Last Friday an unelected federal judge declared Alabama’s Sanctity of Marriage Act unconstitutional. Our state and nation are confronted once again with a massive erosion of the values and principles upon which we are built. While we wait for the U.S. Supreme Court to make a definitive ruling on the issue later this year, it is important that we re-examine the importance of marriage as an institution and the far-reaching impact of these decisions.
The very idea that we are currently engaged in the debate over the definition of marriage seems to be an errand of liberal politicians looking for ways to please their base or an effort by the practitioners of political correctness to hone their craft. As Billy Graham’s son, Franklin, explained, “The institution of marriage should not be defined by presidents or polls, governors or the media. The definition was set long ago. And changing legislation or policy will never change God’s definition.”
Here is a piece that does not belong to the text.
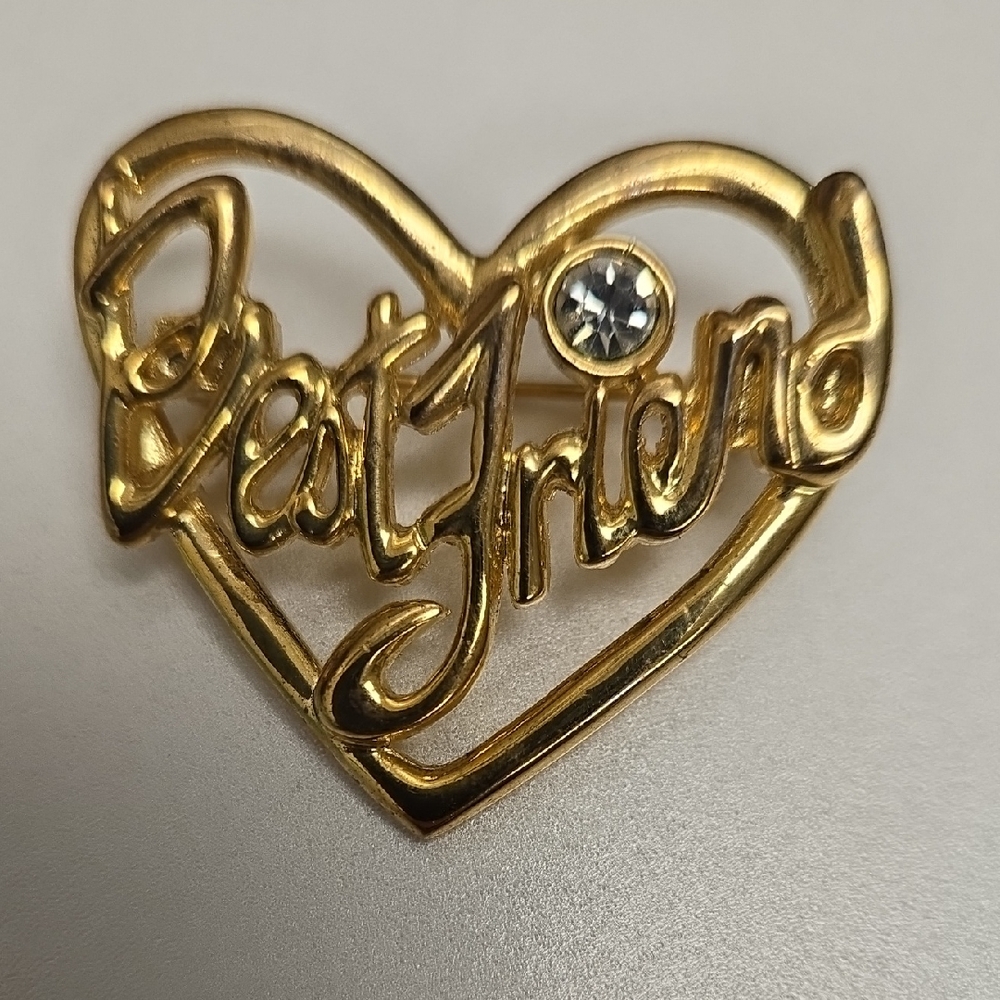 Elegant Gold 'Best Friend' Heart Brooch with Crystal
The deconstruction of the family unit has quickened, and much of this work is under the false guise of freedom. Rather than lead to a more free society, as some would have you believe, this will lead to less freedom by way of more government intervention. This will lead us, as taxpayers, to continue to shoulder the burden and pick up shattered pieces from broken families.
Here are two things we can do to promote strong marriage ideals.
First, we should continue to articulate the truth about marriage. Marriage is between one man and one woman, and, as Franklin Graham points out, this was settled more than 8,000 years ago. Empirical data confirms that children do better when raised by both a mother and a father in marriage, and this ultimately results in a more productive member of society. If we allow the federal judiciary to redefine marriage we will surrender the future of countless children, in addition to our religious liberty.
Second, we should demand that our elected federal representatives reform welfare to encourage marriage. Our welfare system should not punish low-income couples who choose to marry. In a recent article authored by Robert Rector, titled, “How Welfare Undermines Marriage and What to Do About It,” he stated that, “It is no accident that the collapse of marriage in America began with the War on Poverty and the proliferation of means-tested welfare programs that it fostered.” Our welfare system should help to incentivize fathers and mothers to marry. This will strengthen the lives of children and reduce the role of the U.S. taxpayer.
I want to be very clear. I understand that consenting adults are free to form relationships with anyone of their choosing. However, I believe the institution of marriage must not be redefined. Ryan T. Anderson in his recent March 2013 article titled, “Marriage: What It Is, Why It Matters, and the Consequences of Redefining It,” stated, “If sexual complementarity is eliminated as an essential characteristic of marriage, then no principle limits civil marriage to monogamous couples.”
This fight for marriage is too important to abandon. Let us continue to speak the truth about marriage and why it is important to our society.
Wes Allen is currently serving as Probate Judge in Pike County.